PROBLEM STATEMENT: Once you reach the line that contains "706 Green Valley Ct, Clarksville, TN 37042", retype it and every line after it exactly, ending with the last line of the entries.

(Short web captions)
<<<<
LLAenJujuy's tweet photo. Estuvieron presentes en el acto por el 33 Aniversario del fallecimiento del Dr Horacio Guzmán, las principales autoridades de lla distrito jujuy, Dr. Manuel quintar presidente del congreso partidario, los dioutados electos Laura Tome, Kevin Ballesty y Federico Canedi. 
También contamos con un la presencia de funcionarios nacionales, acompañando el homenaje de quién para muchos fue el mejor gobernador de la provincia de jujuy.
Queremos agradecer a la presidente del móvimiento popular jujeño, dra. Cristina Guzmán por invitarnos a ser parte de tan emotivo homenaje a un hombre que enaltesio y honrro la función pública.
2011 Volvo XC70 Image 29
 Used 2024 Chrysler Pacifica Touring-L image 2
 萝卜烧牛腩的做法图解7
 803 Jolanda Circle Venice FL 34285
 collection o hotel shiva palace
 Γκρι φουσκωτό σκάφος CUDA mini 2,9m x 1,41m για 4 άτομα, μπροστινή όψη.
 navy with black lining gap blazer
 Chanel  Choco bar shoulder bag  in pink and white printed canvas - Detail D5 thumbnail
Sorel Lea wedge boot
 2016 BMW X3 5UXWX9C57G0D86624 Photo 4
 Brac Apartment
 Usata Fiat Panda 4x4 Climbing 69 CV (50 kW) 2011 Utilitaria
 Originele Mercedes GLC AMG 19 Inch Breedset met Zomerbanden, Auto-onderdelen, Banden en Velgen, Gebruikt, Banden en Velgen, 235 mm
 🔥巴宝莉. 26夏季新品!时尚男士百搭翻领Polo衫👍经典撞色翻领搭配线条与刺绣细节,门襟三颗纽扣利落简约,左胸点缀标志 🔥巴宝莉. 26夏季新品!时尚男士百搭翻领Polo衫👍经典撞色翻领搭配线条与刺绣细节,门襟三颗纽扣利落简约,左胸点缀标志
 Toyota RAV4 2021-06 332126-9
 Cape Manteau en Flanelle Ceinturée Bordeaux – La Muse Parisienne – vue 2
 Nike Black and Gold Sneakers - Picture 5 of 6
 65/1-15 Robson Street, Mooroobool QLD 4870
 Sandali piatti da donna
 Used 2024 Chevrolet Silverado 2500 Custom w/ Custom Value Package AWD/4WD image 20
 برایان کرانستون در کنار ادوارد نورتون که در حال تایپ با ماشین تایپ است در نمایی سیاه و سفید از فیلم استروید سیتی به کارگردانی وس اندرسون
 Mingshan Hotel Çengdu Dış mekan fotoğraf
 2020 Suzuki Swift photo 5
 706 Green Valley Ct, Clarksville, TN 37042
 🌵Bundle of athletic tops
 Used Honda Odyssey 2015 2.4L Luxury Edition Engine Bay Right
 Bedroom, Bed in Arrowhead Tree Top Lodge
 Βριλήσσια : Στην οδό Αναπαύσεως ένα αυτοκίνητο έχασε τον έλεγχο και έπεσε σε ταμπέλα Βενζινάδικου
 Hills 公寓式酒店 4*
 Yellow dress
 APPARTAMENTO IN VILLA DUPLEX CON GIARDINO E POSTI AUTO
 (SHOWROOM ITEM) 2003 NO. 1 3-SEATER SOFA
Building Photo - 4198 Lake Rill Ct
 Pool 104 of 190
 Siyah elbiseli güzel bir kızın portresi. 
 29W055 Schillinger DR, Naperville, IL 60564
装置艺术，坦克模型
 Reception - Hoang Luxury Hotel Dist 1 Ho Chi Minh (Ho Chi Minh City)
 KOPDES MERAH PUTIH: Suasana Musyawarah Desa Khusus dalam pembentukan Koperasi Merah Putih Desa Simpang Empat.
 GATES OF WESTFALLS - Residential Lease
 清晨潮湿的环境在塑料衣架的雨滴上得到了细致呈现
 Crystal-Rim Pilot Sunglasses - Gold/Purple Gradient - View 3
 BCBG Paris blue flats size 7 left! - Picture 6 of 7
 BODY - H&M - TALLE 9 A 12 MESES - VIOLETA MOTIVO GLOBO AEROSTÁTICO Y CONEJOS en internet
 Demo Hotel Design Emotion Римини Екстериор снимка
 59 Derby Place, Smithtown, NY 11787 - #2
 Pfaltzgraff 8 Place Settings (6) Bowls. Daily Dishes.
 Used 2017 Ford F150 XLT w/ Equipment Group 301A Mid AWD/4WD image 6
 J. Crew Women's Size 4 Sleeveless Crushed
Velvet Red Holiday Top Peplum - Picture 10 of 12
>>>>
TASK RESULT:
 706 Green Valley Ct, Clarksville, TN 37042
 🌵Bundle of athletic tops
 Used Honda Odyssey 2015 2.4L Luxury Edition Engine Bay Right
 Bedroom, Bed in Arrowhead Tree Top Lodge
 Βριλήσσια : Στην οδό Αναπαύσεως ένα αυτοκίνητο έχασε τον έλεγχο και έπεσε σε ταμπέλα Βενζινάδικου
 Hills 公寓式酒店 4*
 Yellow dress
 APPARTAMENTO IN VILLA DUPLEX CON GIARDINO E POSTI AUTO
 (SHOWROOM ITEM) 2003 NO. 1 3-SEATER SOFA
Building Photo - 4198 Lake Rill Ct
 Pool 104 of 190
 Siyah elbiseli güzel bir kızın portresi. 
 29W055 Schillinger DR, Naperville, IL 60564
装置艺术，坦克模型
 Reception - Hoang Luxury Hotel Dist 1 Ho Chi Minh (Ho Chi Minh City)
 KOPDES MERAH PUTIH: Suasana Musyawarah Desa Khusus dalam pembentukan Koperasi Merah Putih Desa Simpang Empat.
 GATES OF WESTFALLS - Residential Lease
 清晨潮湿的环境在塑料衣架的雨滴上得到了细致呈现
 Crystal-Rim Pilot Sunglasses - Gold/Purple Gradient - View 3
 BCBG Paris blue flats size 7 left! - Picture 6 of 7
 BODY - H&M - TALLE 9 A 12 MESES - VIOLETA MOTIVO GLOBO AEROSTÁTICO Y CONEJOS en internet
 Demo Hotel Design Emotion Римини Екстериор снимка
 59 Derby Place, Smithtown, NY 11787 - #2
 Pfaltzgraff 8 Place Settings (6) Bowls. Daily Dishes.
 Used 2017 Ford F150 XLT w/ Equipment Group 301A Mid AWD/4WD image 6
 J. Crew Women's Size 4 Sleeveless Crushed
Velvet Red Holiday Top Peplum - Picture 10 of 12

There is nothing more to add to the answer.